Copyright 2002

[ October 28th 2002 ]

California may continue to be the epicenter for the feature f/x biz, but British facilities are beginning to carve out some considerable turf. London-based f/x houses the Mill, Cinesite Europe, the Moving Picture Co., Framestore CFC, Freeze Frame and Double Negative, among others, have been on a roll the past two years. They've managed to lure some of Hollywood's pricier pics, including $100 million studio franchises such as Warner Bros.' "Harry Potter" and Paramount's "Tomb Raider," as well as ongoing work on MGM's stalwart James Bond series, with "Die Another Day" the latest installment.

Meanwhile, f/x shots for Fox's "League of Extraordinary Gentlemen," Disney/Spyglass' "Shanghai Knights" and Intermedia's "Mindhunters" have been awarded to Soho shops. That follows a busy 2001, when U.K. facilities had several big projects in town including "Cats & Dogs," "Black Hawk Down," "Hannibal," "K-19: The Widowmaker" and HBO's miniseries "Band of Brothers." "Without a doubt, the (British f/x) industry is going through another year of scaling up in size," says Robin Shenfield, CEO of the Mill. "Last year was a busy year for all of us. This year is turning out to be a similarly busy year."

What's helped are British tax incentives that call for productions to spend 70% of their budgets in the U.K. But it's also a double-edged sword, given London's facilities are having a hard time landing films whose characters or locations don't feature an English accent.

At the same time, most studio projects that do flow into Soho are being divided up among the shops. Given the size of some of the projects like "Potter" and Bond, facilities could be awarded shots that amount to $5 million to $7 million in revenue.
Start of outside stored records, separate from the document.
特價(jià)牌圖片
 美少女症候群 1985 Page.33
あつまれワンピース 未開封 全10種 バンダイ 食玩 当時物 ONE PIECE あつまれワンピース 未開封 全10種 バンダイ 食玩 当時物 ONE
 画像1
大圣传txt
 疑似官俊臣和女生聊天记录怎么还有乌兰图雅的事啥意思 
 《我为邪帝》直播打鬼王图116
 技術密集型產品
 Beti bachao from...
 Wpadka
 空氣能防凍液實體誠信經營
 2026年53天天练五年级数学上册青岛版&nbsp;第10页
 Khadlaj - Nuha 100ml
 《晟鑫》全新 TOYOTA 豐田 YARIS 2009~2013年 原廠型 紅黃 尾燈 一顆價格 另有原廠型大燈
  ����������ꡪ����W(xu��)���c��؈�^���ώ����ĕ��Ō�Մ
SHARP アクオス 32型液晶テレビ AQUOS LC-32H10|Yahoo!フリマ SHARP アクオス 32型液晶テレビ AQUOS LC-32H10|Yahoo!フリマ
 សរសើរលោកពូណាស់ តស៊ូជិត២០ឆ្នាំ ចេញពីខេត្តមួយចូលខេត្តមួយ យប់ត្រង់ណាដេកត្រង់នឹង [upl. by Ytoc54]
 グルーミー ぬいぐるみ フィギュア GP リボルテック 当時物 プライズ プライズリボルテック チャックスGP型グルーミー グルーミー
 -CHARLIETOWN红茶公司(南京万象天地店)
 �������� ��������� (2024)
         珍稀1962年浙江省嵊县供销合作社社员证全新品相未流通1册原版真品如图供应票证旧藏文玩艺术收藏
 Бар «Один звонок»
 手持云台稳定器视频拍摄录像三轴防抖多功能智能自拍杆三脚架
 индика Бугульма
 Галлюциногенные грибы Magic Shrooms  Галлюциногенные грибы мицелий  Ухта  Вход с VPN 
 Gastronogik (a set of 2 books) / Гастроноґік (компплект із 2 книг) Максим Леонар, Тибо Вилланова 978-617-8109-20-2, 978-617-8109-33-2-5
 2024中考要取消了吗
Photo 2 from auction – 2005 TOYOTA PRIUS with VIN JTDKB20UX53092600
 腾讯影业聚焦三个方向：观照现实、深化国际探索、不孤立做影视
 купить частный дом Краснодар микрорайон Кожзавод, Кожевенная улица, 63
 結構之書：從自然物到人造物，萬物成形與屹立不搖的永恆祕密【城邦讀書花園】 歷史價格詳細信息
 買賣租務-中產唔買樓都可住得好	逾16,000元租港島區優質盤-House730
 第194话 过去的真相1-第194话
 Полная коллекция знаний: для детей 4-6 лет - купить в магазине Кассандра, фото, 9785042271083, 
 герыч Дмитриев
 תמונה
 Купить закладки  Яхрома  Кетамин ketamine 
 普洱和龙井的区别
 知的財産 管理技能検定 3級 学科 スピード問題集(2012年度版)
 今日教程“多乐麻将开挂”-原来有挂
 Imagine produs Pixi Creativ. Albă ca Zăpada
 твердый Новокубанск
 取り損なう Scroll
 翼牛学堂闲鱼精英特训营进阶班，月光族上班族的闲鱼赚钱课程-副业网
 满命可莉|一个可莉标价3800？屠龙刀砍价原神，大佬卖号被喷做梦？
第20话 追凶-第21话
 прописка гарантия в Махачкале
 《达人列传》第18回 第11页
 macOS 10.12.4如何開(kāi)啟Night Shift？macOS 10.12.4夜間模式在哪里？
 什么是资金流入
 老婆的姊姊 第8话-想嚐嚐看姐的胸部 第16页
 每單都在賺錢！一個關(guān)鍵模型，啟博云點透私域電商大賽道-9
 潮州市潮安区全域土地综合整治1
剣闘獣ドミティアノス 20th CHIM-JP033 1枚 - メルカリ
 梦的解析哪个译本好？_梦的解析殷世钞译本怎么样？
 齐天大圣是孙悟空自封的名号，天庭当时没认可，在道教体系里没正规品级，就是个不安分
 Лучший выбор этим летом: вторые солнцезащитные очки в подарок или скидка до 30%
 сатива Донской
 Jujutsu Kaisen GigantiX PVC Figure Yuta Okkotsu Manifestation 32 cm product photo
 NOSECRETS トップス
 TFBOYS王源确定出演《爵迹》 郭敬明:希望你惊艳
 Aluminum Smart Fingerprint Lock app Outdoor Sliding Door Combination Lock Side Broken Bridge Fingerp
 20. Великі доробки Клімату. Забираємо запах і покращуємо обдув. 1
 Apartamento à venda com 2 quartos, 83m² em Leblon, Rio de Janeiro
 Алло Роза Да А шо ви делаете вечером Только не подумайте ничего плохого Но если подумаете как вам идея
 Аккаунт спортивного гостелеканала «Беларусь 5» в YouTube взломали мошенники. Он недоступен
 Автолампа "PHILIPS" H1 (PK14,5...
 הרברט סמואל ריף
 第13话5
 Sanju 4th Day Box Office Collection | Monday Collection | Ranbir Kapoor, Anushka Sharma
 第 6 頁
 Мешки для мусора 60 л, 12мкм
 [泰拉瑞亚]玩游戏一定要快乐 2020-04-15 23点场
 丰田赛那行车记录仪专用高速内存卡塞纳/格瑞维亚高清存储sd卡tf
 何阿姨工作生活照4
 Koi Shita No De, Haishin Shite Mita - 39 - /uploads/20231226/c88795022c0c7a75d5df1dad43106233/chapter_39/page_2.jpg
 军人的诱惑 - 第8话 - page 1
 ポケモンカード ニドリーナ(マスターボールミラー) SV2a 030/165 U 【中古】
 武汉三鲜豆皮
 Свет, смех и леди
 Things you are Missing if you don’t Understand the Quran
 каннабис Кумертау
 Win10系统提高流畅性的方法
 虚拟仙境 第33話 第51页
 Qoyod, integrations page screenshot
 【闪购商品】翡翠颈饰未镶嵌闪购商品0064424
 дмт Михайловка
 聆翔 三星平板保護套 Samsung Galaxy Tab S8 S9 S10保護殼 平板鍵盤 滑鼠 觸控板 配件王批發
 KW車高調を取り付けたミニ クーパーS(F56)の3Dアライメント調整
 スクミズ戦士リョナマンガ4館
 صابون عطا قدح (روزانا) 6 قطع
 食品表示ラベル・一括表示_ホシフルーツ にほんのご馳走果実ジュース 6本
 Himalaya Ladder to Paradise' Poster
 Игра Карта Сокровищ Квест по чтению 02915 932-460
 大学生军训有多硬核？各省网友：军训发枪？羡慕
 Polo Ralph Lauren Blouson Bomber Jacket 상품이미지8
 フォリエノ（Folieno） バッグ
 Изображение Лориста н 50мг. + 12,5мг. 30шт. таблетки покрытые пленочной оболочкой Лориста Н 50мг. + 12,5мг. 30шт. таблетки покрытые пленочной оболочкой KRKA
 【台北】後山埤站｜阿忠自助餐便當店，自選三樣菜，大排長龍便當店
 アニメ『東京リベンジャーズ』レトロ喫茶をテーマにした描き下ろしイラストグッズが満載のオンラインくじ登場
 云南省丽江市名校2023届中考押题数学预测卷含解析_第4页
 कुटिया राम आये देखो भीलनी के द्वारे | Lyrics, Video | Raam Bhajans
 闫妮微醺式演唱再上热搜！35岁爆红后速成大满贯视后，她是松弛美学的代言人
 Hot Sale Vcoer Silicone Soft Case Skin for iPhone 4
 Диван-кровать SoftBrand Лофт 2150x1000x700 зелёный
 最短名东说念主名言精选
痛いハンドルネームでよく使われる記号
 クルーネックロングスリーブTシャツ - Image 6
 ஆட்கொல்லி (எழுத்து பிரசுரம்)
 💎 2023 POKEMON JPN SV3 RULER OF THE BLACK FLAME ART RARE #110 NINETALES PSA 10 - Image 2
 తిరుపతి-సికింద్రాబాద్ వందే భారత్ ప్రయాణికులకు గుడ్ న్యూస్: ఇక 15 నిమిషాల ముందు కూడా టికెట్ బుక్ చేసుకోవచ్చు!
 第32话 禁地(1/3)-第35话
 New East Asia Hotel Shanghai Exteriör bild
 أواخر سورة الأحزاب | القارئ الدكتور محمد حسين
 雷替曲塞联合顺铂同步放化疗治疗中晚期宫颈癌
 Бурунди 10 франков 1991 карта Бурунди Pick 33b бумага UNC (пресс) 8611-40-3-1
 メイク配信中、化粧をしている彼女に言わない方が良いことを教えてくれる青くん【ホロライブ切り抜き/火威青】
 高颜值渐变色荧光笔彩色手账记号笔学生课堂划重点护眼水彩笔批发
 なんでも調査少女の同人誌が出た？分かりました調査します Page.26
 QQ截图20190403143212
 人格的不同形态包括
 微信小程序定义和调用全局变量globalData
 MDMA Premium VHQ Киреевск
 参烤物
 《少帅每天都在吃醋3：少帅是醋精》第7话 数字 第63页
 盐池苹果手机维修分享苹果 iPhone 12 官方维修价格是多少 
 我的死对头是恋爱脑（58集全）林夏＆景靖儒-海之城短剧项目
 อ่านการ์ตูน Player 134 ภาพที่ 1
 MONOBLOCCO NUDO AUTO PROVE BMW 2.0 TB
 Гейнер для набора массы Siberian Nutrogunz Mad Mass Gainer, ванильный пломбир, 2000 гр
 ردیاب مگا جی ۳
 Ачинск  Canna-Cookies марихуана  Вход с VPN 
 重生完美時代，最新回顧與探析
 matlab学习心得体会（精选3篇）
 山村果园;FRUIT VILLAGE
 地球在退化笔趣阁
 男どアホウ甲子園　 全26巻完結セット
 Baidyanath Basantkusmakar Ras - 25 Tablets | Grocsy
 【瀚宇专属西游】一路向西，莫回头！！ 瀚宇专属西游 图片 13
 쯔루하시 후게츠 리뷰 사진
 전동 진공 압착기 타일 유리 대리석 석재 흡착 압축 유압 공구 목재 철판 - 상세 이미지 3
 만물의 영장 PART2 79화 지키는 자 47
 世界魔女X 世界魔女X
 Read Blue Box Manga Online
While U.S. powerhouse Industrial Light & Magic is the lead f/x house on "Harry Potter and the Chamber of Secrets," several shots were farmed out to Cinesite, the Mill, Framestore CFC and MPC. "It's a good thing," says Cinesite CEO Colin Brown. "I'd like to have every movie that comes into town, but these are big enough projects for all of us to work on. We've had bits of 'Harry Potter' to do that makes us ecstatic and still allows us to show off our digital character capabilities."

Being limited to bidding on European-bound productions isn't a bad thing either -- as long as the projects keep on coming. Roughly 18 films will hit the U.K.'s shores in the next year. Film producers are already chatting up megabudget pics that have been given the greenlight, including Warners' "Harry Potter and the Prisoner of Azkaban," and the sword-and-sandals epics "Troy," "Alexander the Great" and "Hannibal." Working Title/Universal's "Thunderbirds," Par's "Around the World in 80 Days," HBO's "Arthur" and Morgan Creek's prequel to "The Exorcist" also are heading for Europe.

"Things look good through 2005," Brown says. "Everybody who's interested in doing something in Europe is coming through this town and they have a fairly open mind about placing their projects here.